Patients commonly present with single or multiple neurofibromas, including plexiform variants, as well as leiomyomas and other associated neoplasms [3]. Gastrointestinal manifestations are observed in approximately 10-25% of affected individuals and may consist of isolated or multiple neurofibromas, leiomyomas, and, less frequently, plexiform neurofibromas [4].
Involvement of the colon and mesentery is uncommon. Because mesenteric disease is often clinically silent, diagnosis may be delayed, potentially resulting in increased morbidity [5,6].
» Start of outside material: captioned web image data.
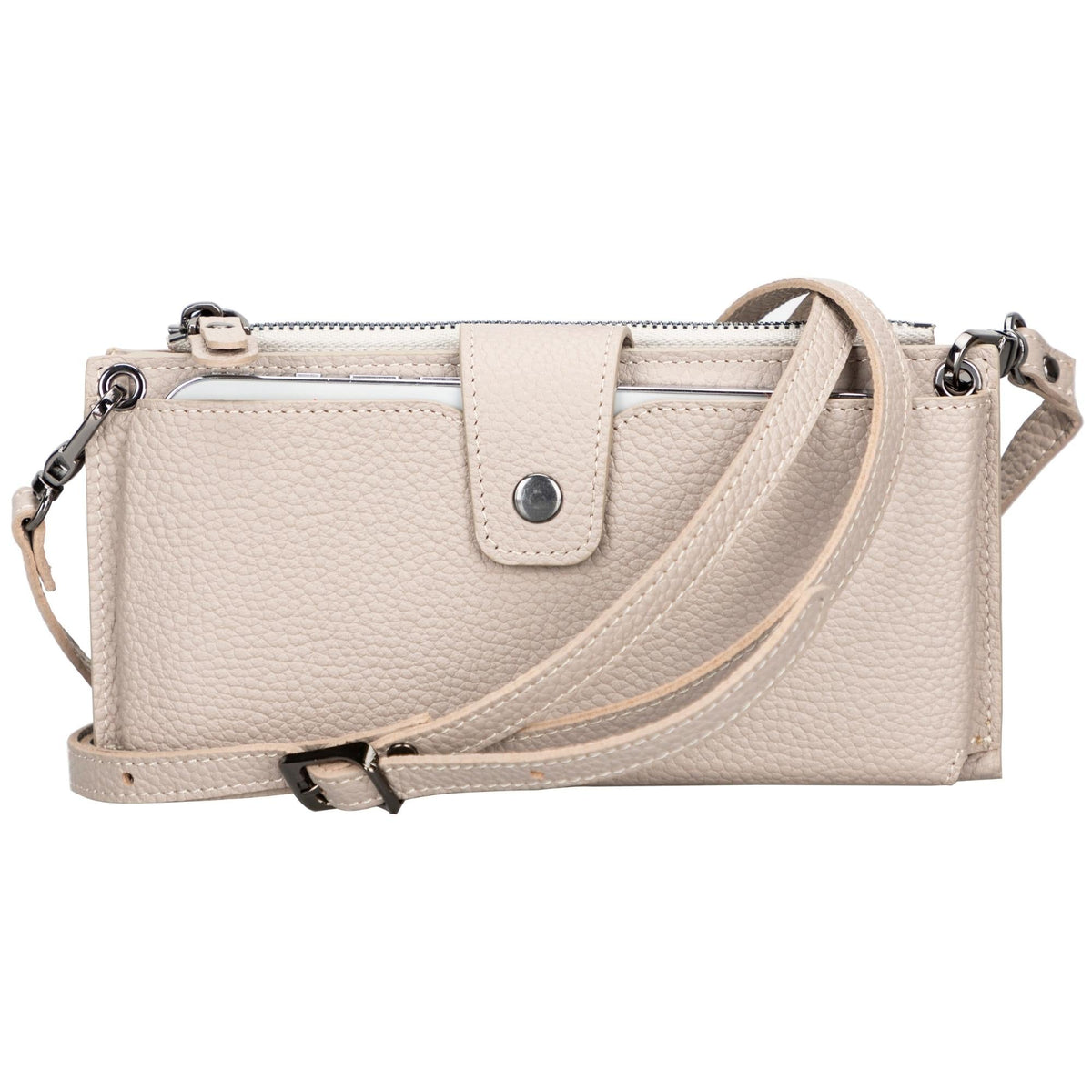 Kaycee Leather Women's Cell Phone Wallet with Strap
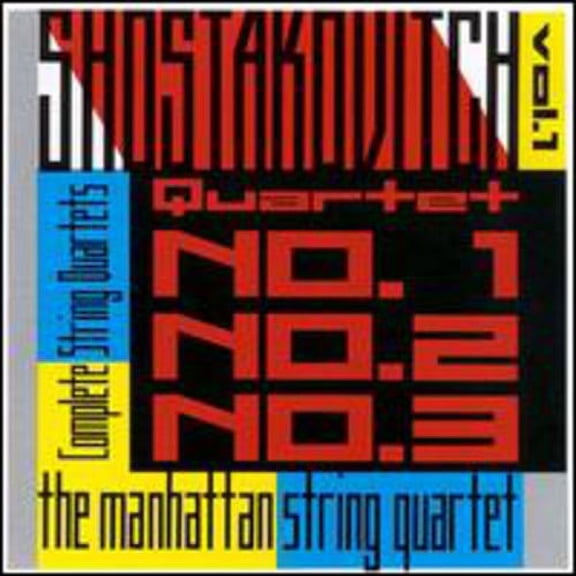 Manhattan String Quartet - Shostakovich, D. : String Quartets Vol. 1 - Classical - CD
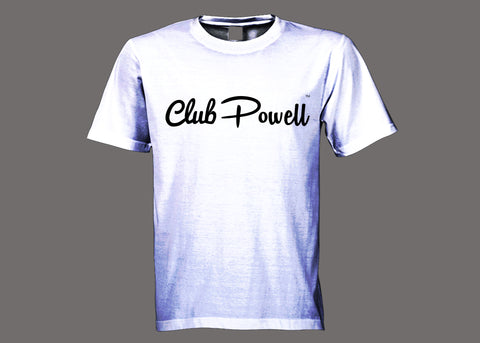 Club Powell White Tee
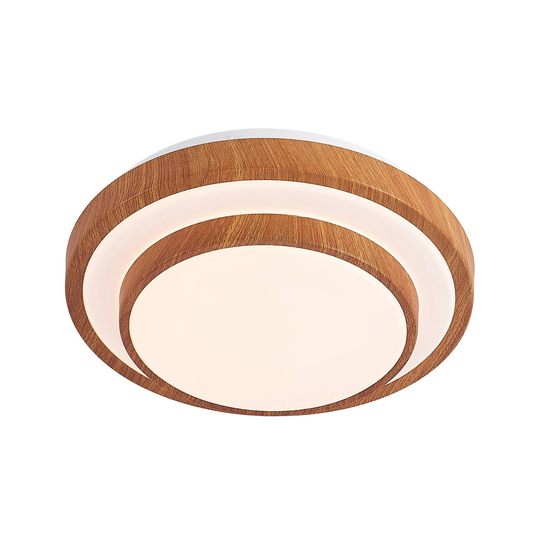 Lindby Vaako -LED-kattovalaisin, pyöreä, 29,5 cm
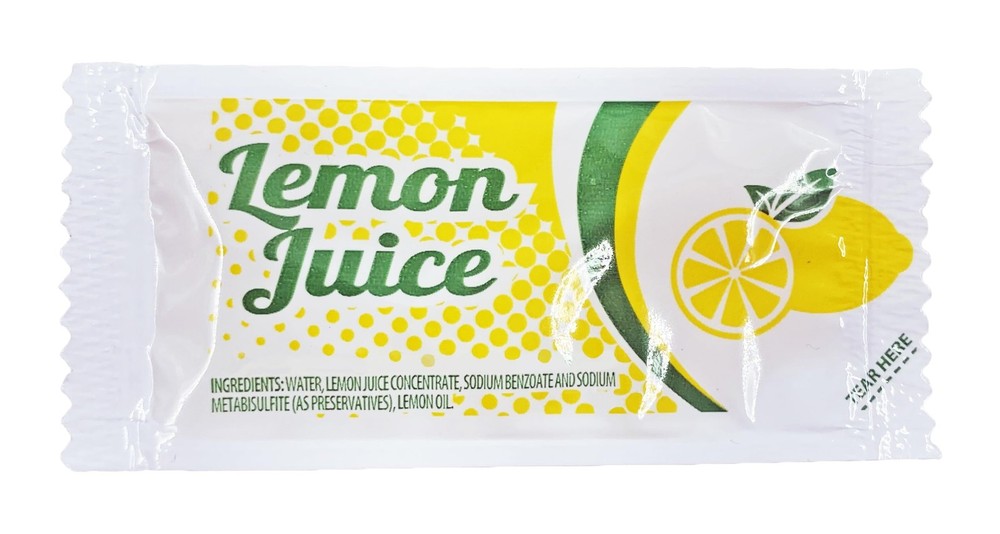 Lemon Juice Portion Control Packets | 200 Count | 4g Packets for Freshness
In this paper, we report a case of an isolated anterior mesenteric neurofibroma in a nine-year-old child. Furthermore, we provide a review of the pediatric literature focusing on clinical manifestations, diagnostic strategies, and management of comparable cases.
Case presentation
We report the case of a nine-year-old child with a known diagnosis of NF1, established based on two major diagnostic criteria: a first-degree family history of NF1 (father under medical follow-up) and the presence of multiple café-au-lait macules. The patient presented with chronic abdominal pain that had progressively worsened over the past six months, associated with recurrent episodes of vomiting. Physical examination revealed a child in good general condition, with multiple café-au-lait macules (Figure 1). Abdominal palpation identified a palpable mass measuring approximately 9 cm, associated with mild abdominal tenderness, predominantly localized in the pelvic region.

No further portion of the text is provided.